Grove said that PAGA laws were initially introduced as a “fundraising” mechanism for the state, but they have since been transformed into a “personal lottery” for many private citizens.
After penalties are collected, 75 percent of funds go to the State of California's Labor and Workforce Development Agency and 25 percent goes to the employee who brought the case.
"These PAGA laws benefit a lot of Los Angeles lawyers who come in from other districts to legally rape and pillage business owners in my district," Grove said.
"We have thousands upon thousands of PAGA cases statewide and it is absurd litigation.
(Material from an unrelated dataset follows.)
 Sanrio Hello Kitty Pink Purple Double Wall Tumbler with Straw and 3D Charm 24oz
I have talked to several attorneys for a real-world perspective of these cases and they agree that it is absurd litigation."
A Sacramento attorney who defends employers said he believes that PAGA “creates more problems than it solves."
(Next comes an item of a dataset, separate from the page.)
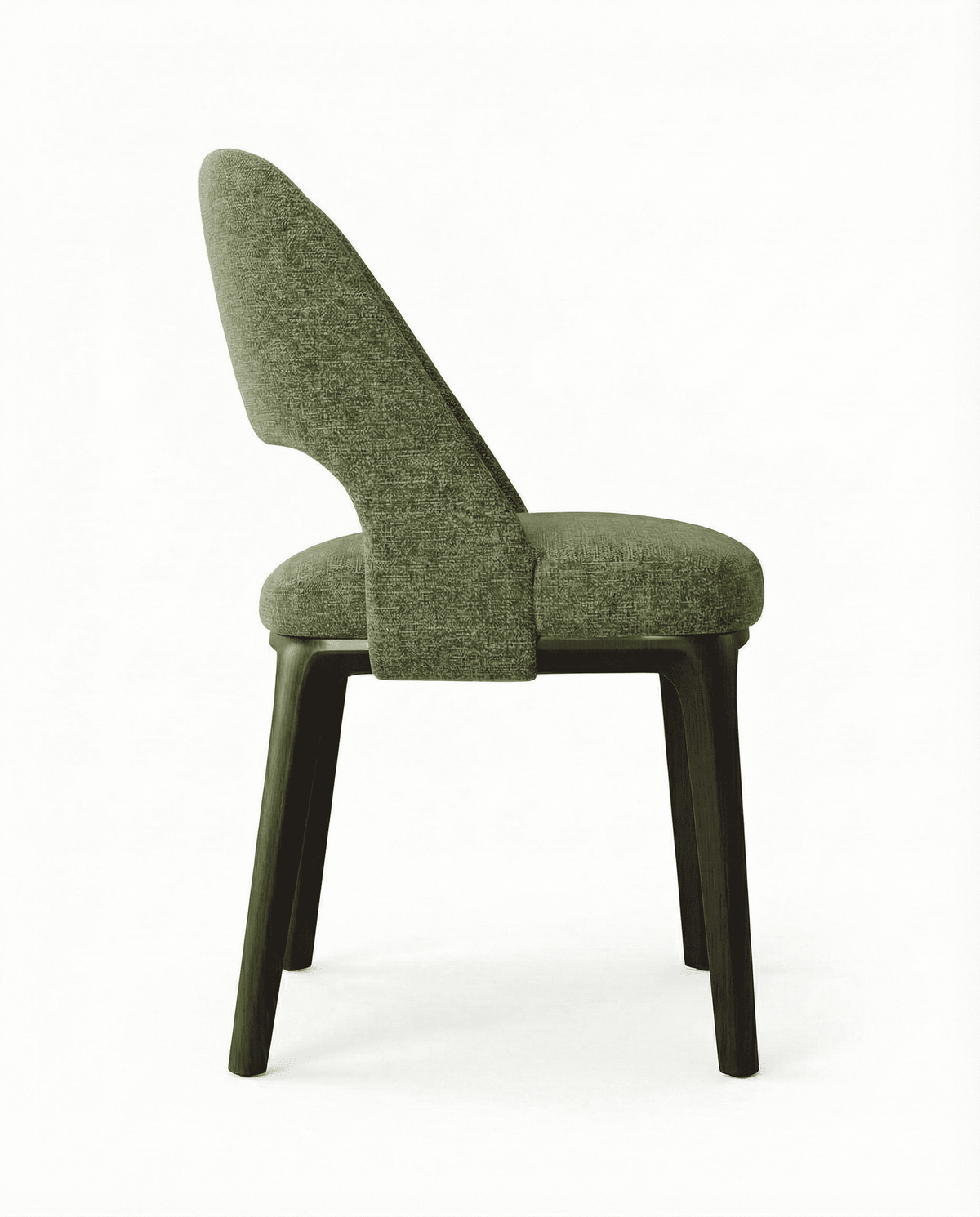 【LAS VEGAS MARKET EXHIBIT】Curved Back Dining Chair – Dark Wood Frame Armless Side Chair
"The lawsuits I am defending are of very technical of nature and minor details about paperwork or process that are damaging small businesses that are paying large settlements," said Chuck Post, chairman of Labor and Employment for Weintraub & Tobin.
For example, he said that minor details forming the basis of a lawsuit are often wage statements, or paychecks.
Post added that any discrepancy including an address mistake in the parent company's printed headquarters or any other typographical error can result in a PAGA lawsuit from a current or former employee.
- Assembly Bill 2461 would limit PAGA lawsuits to violations of meal, rest, rest recovery periods, overtime or overtime pay and meal breaks after five and 10 hours. These are violations that directly affect the employee's welfare and do not jeopardize the financial future of a small business or corporation all over small technicalities, many of which are printing errors.
"The idea is to limit scope to show harm," Grove said.
- Assembly Bill 2462 would allow the business owner or corporation the right to cure any violation of the labor code before the employee can bring a civil action. The time for adjustments can save businesses thousands and even millions of dollars over minor violations.
"This time period is definitely needed to adjust to a law that has really gotten out of control," Stone said. "We fully support this bill because it addresses a longtime problem that needs to be addressed."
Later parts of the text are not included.